Dataset extract:
- - - -

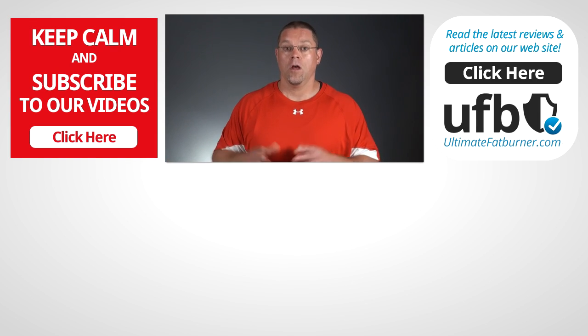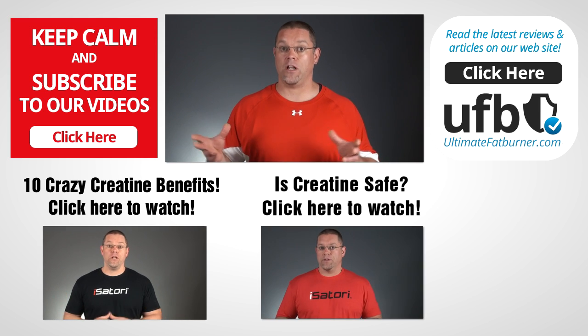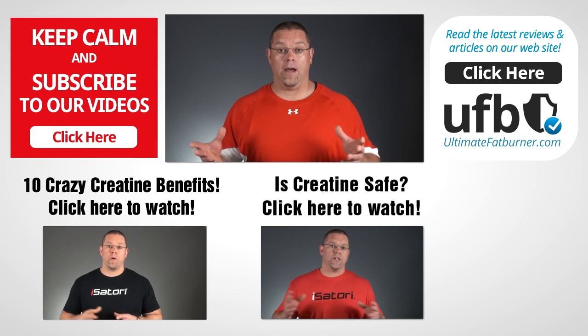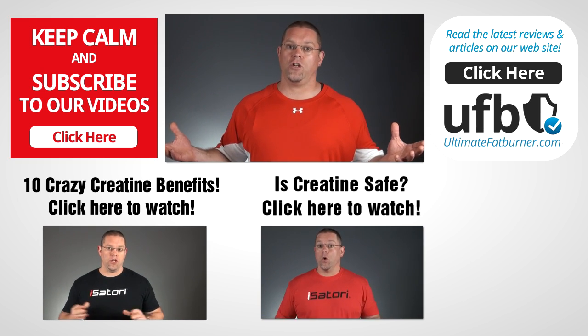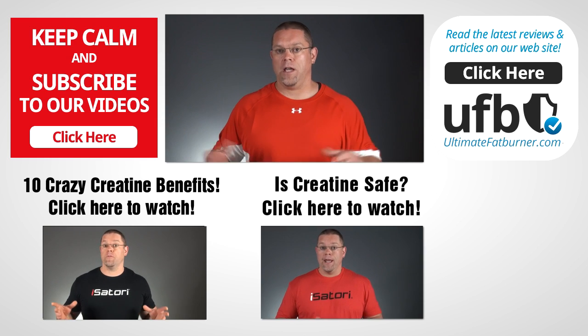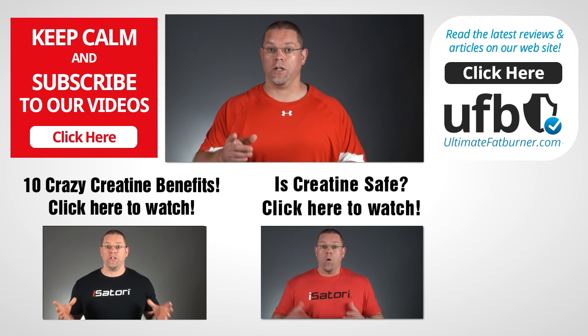Nothing to get all worked up about. Alright guys, thanks for watching, hope you found that helpful. If you have any comments, please leave them below, and I'd love it if you could give us a thumbs up or share this video. If you haven't subscribed to this channel, what are you waiting for? You'll be updated whenever we post new videos. Thanks again for watching, I'll see you again real soon.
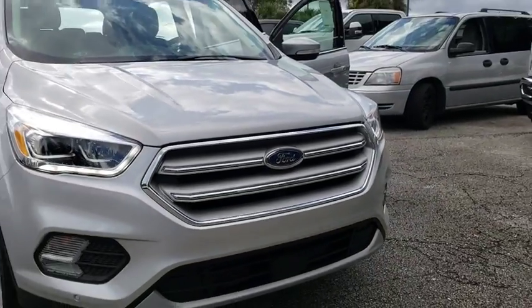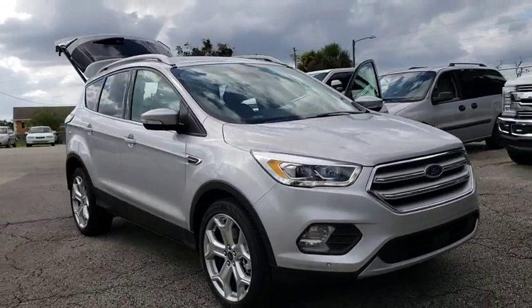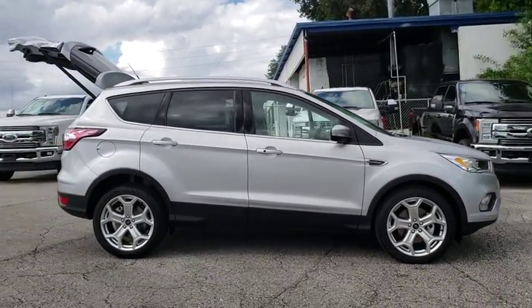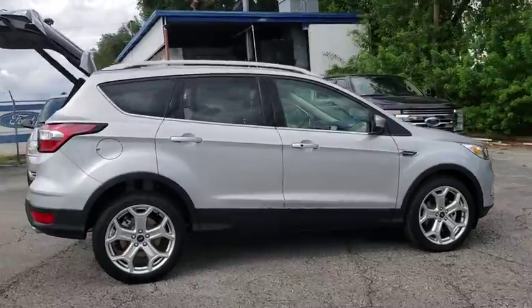2018 Ford Escape. Gas engines flex, tow, sip, and go with Ford Escape. This vehicle has less than 100 miles. Here are some of this vehicle's great options.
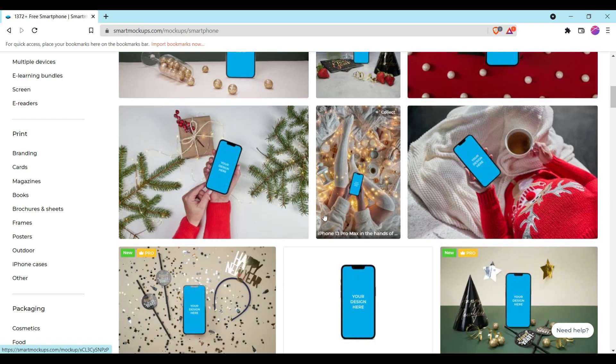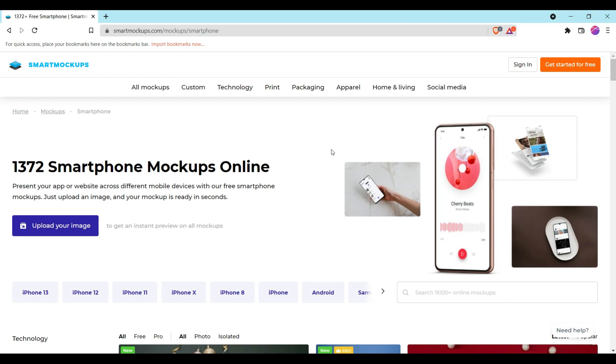For smartphones as well, if you want to use Smart Mockups in your project you should definitely check it out.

- - - -

Problem requirements: The lines above must be transcribed exactly, with every picture left out.

Exercise answer:
Nothing to get all worked up about. Alright guys, thanks for watching, hope you found that helpful. If you have any comments, please leave them below, and I'd love it if you could give us a thumbs up or share this video. If you haven't subscribed to this channel, what are you waiting for? You'll be updated whenever we post new videos. Thanks again for watching, I'll see you again real soon.
2018 Ford Escape. Gas engines flex, tow, sip, and go with Ford Escape. This vehicle has less than 100 miles. Here are some of this vehicle's great options.
For smartphones as well, if you want to use Smart Mockups in your project you should definitely check it out.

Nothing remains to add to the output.